Cloudzy’s terms of service around the use of its infrastructure for nefarious purposes at first glance seem strong–immediate termination, reporting to law enforcement–but in other areas of its site, it talked about abusers paying a nominal fee and fines of $250 to $1,000 and the possibility of continuing their service.

Halcyon researchers took a deep dive into Cloudzy to get a better picture of the company and claimed that it “almost certainly” is linked to another hosting company, abrNOC, which operates in Iran and is run by Nozari. Cloudzy is registered in Wyoming and Cyprus under the name RouterHosting and is represented by the CloudPeak Law firm, also in Wyoming.

They also questioned whether some of the people profiled on Cloudzy’s website as employees are fictitious, noting that the headshots of some appear to belong to other people.

Cloudzy is part of what Halcyon researchers say is an expanding environment of cloud services providers that understand the softness and weaknesses within regulations that allow them to give ransomware groups and other cybercriminals a relatively safe haven from which to run their malicious operations.

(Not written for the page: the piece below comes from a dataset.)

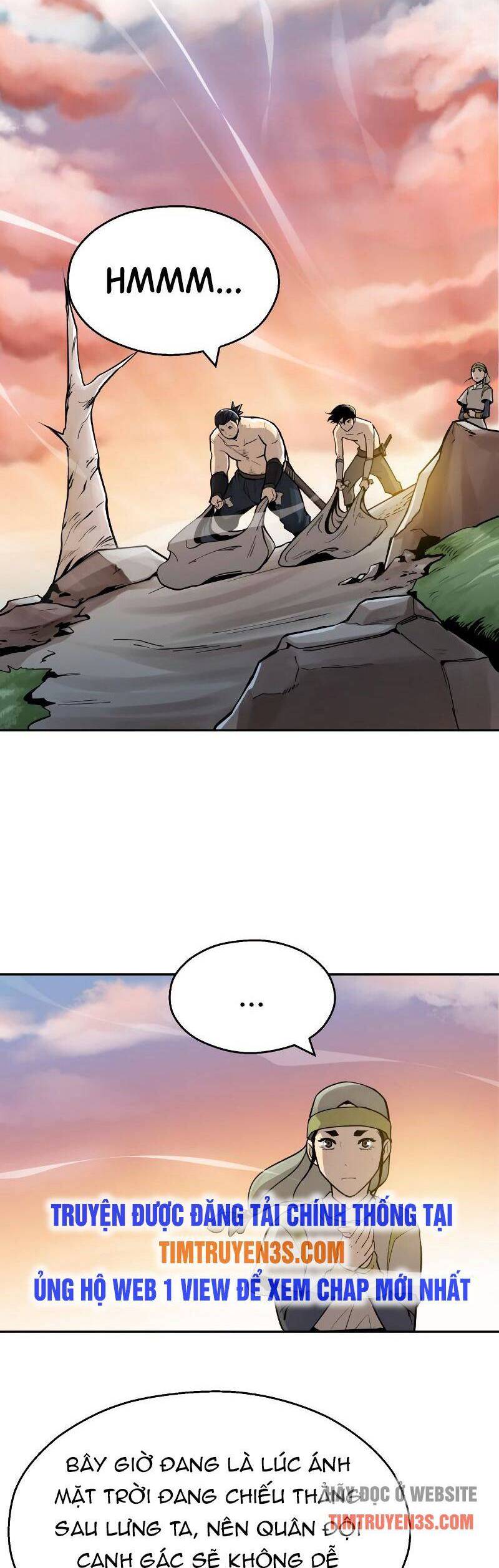Kiếm Sĩ Thiếu Niên Chapter 15 - Trang 5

“C2Ps end up granting ransomware groups anonymous use of their infrastructure to launch attacks because, in the interest of privacy, it appears they never bother to ask who their customers are,” they wrote. “They are not required to. In this way, ransomware activity lines two sets of pockets–the criminals who deploy it and the service providers who may be turning a blind eye to them.”

Identifying Cloudzy and Similar Entities

Halcyon researchers said they used a novel technique to identify Cloudzy and that the same method can be used to find other C2Ps and detect imminent ransomware attacks. They used RDP hostnames housed in the metadata of the attack infrastructure of ransomware affiliates’ infrastructure.

They recommended enterprises use the indicators of compromise in the report to “search their networks for any of the malicious activity we tied to C2P Cloudzy, and that they immediately take note when any of the 11 RDP hostnames we identified surface in their environments.”

Security teams should look for the hostnames now to identify possible attacks already in progress and keep an eye out to prevent future malicious activity.